Console Login

Observability vs. Monitoring: Why Your Green Dashboard Is Lying to You

Observability vs. Monitoring: Why Your Green Dashboard Is Lying to You

It is 3:00 AM on a Tuesday. Your PagerDuty rotation just woke you up. You stumble to your workstation, open Grafana, and see... nothing. CPU usage is nominal at 40%. Memory is flat. Disk I/O on the database is within limits. According to your dashboard, the system is perfectly healthy.

Yet, your support ticket queue is flooding with angry Norwegian users claiming the checkout page is timing out. This is the nightmare scenario of traditional monitoring: The dashboard is green, but the system is broken.

In 2019, the complexity of distributed systems—microservices, containers, and orchestration—has rendered simple health checks obsolete. We need to stop asking "Is the server up?" and start asking "Why is this specific request failing?" This is the shift from Monitoring to Observability.
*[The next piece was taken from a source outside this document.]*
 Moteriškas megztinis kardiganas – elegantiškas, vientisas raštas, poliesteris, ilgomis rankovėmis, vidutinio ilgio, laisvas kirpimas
The "Known Unknowns" vs. "Unknown Unknowns"

Let’s cut through the marketing fluff. Monitoring is for known unknowns. You know the disk might fill up, so you set an alert for disk usage > 90%. You know the CPU might spike, so you monitor load averages.

Observability is for unknown unknowns. It’s for the problems you never imagined could happen. It allows you to ask arbitrary questions of your system without shipping new code. It requires high-cardinality data—granular details like User IDs, Request IDs, and specific IP addresses—rather than just aggregated averages.
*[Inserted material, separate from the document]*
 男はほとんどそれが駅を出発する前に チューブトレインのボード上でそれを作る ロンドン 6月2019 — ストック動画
Pro Tip: Averages are the enemy of reliability. If 99 requests take 10ms and 1 request takes 10 seconds, your average is roughly 110ms. That looks fine. But that one user is furious. Always monitor percentiles (p95, p99), not averages.

The Holy Trinity: Metrics, Logs, and Traces

To achieve observability, you cannot rely on a single tool. You need to correlate three pillars.

1. Metrics (The "What")

We use Prometheus. It is the de-facto standard for a reason. Unlike the old Nagios push model, Prometheus pulls metrics, which is far more reliable for dynamic environments like Docker Swarm or Kubernetes.
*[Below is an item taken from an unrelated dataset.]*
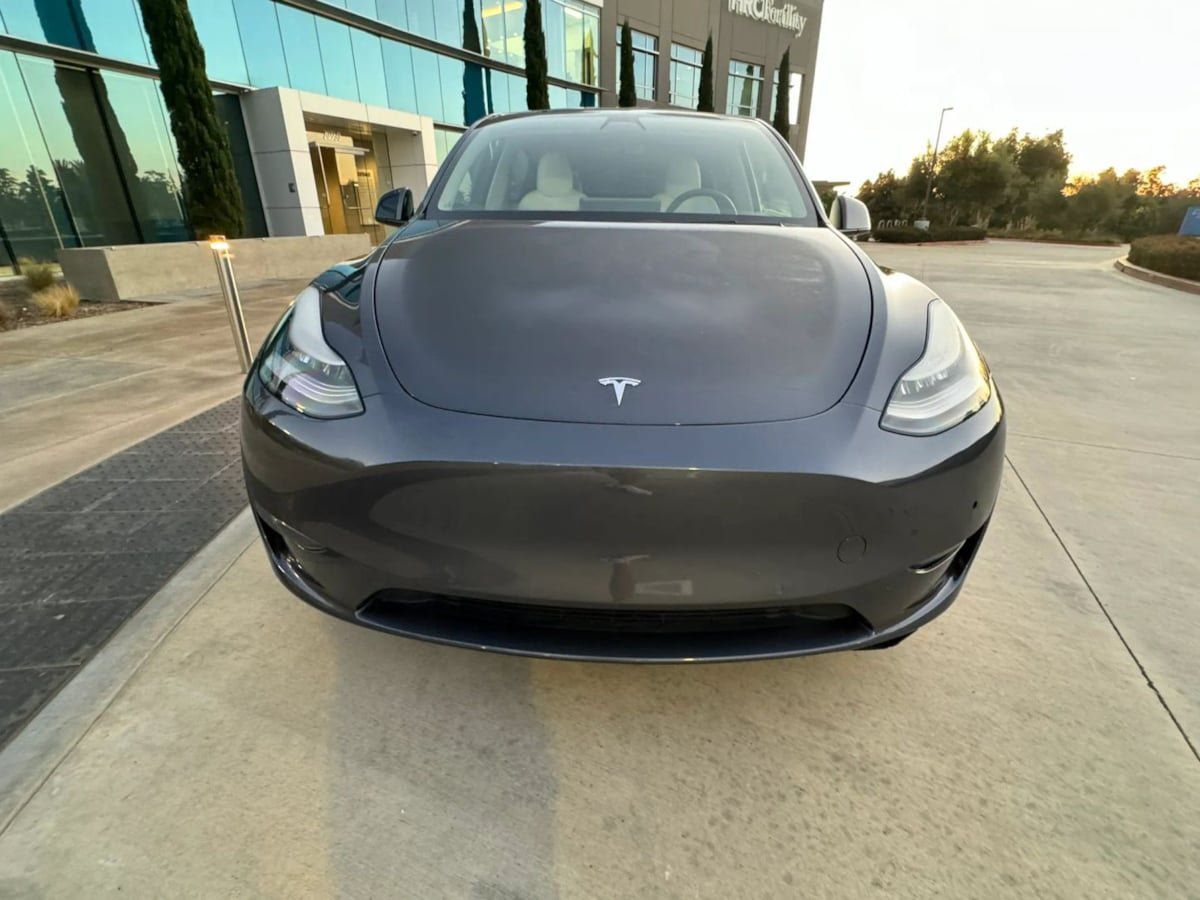 Used 2023 Tesla Model Y Long Range AWD/4WD image 4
Here is a standard scrape config we use for our internal services. Note the scrape interval—don't go below 15s unless you have the storage throughput to handle it.

global:
  scrape_interval:     15s
  evaluation_interval: 15s

scrape_configs:
  - job_name: 'prometheus'
    static_configs:
      - targets: ['localhost:9090']

  - job_name: 'node_exporter'
    static_configs:
      - targets: ['10.0.0.5:9100', '10.0.0.6:9100']

2. Logs (The "Why")

Metrics tell you usage spiked. Logs tell you it was a brute-force attack on `wp-login.php`. However, standard text logs are useless at scale. You must use Structured Logging (JSON). If you are parsing regex in Logstash, you are wasting CPU cycles.

Configure Nginx to output JSON directly. This makes ingestion into the ELK Stack (Elasticsearch, Logstash, Kibana) trivial.

http {
    log_format json_combined escape=json
      '{ "time_local": "$time_local", '
      '"remote_addr": "$remote_addr", '
      '"remote_user": "$remote_user", '
      '"request": "$request", '
      '"status": "$status", '
      '"body_bytes_sent": "$body_bytes_sent", '
      '"request_time": "$request_time", '
      '"http_referrer": "$http_referer", '
      '"http_user_agent": "$http_user_agent" }';

    access_log /var/log/nginx/access.json json_combined;
}

3. Distributed Tracing (The "Where")

If you run microservices, a request might touch five different servers. If the database is slow, the frontend blames the API, the API blames the cache, and the cache blames the DB. Tracing (using tools like Jaeger) allows you to visualize the request lifecycle.

The Infrastructure Cost of Observability

Here is the brutal truth that cloud providers don't tell you: Observability is I/O heavy.

Running an ELK stack (Elasticsearch v7.0 released just last month) requires massive write throughput. Every log line is an index operation. Every metric scrape writes to the disk.

I recently audited a setup where a client tried to run their logging stack on a cheap, standard HDD VPS. The result? `iowait` hit 40%, the logging agent blocked the application, and the "monitoring" tool actually caused the outage.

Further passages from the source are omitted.